■ What the exercise asks ■
What is needed is the exact text of each line in the listing below from the one with "Juicy Couture Dusty" up to and including the one with "Valtra T194 Versu Unlimited (ST26337)", and no pictures.

___ Stored data

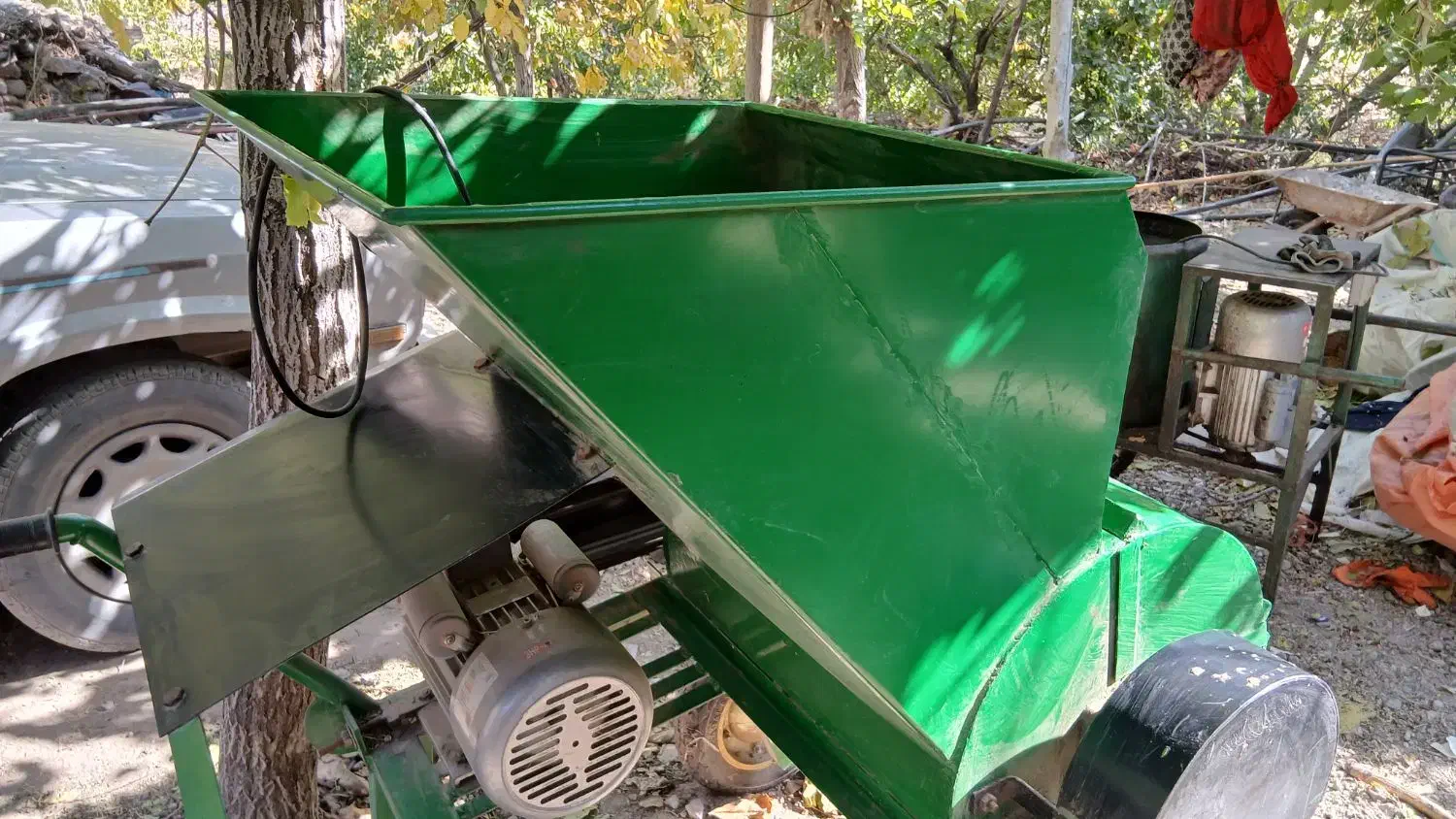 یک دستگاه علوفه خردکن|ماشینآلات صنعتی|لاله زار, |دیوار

______
___ Stored data

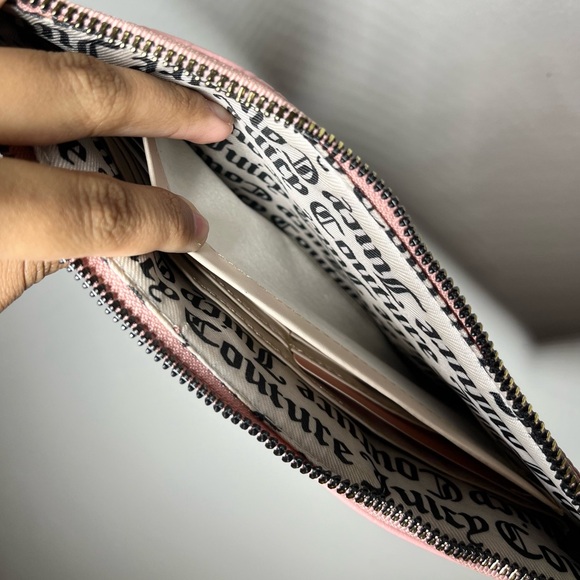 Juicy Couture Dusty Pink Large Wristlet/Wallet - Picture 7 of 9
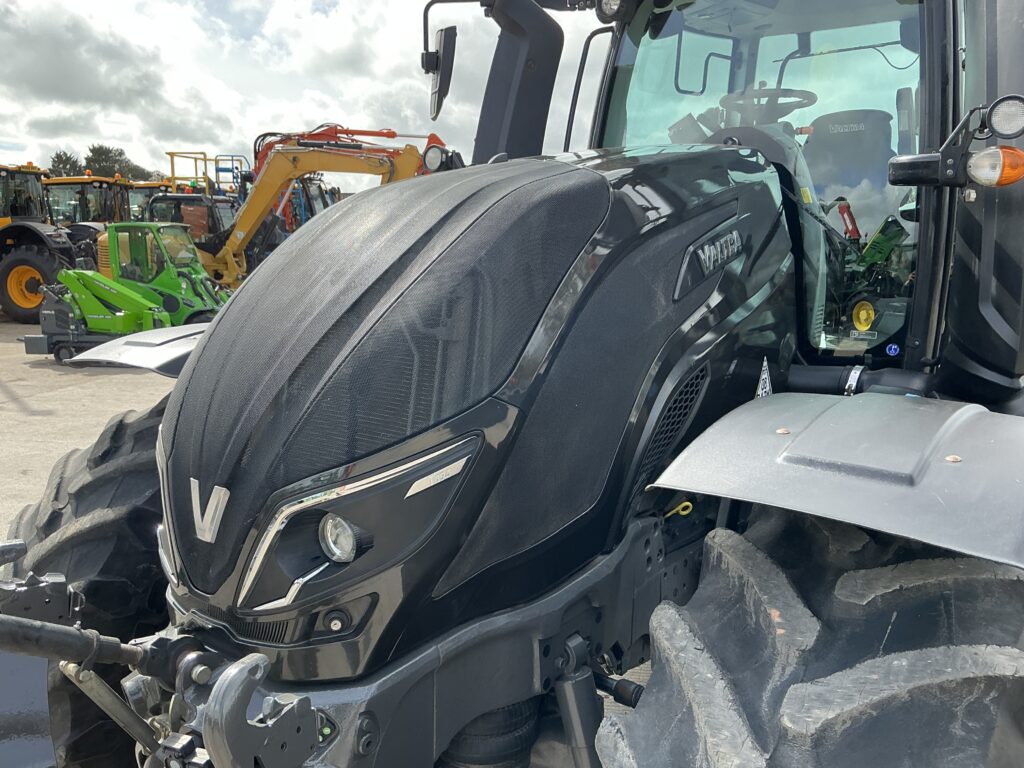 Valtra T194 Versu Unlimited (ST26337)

______

■ Response area ■
 Juicy Couture Dusty Pink Large Wristlet/Wallet - Picture 7 of 9
 Valtra T194 Versu Unlimited (ST26337)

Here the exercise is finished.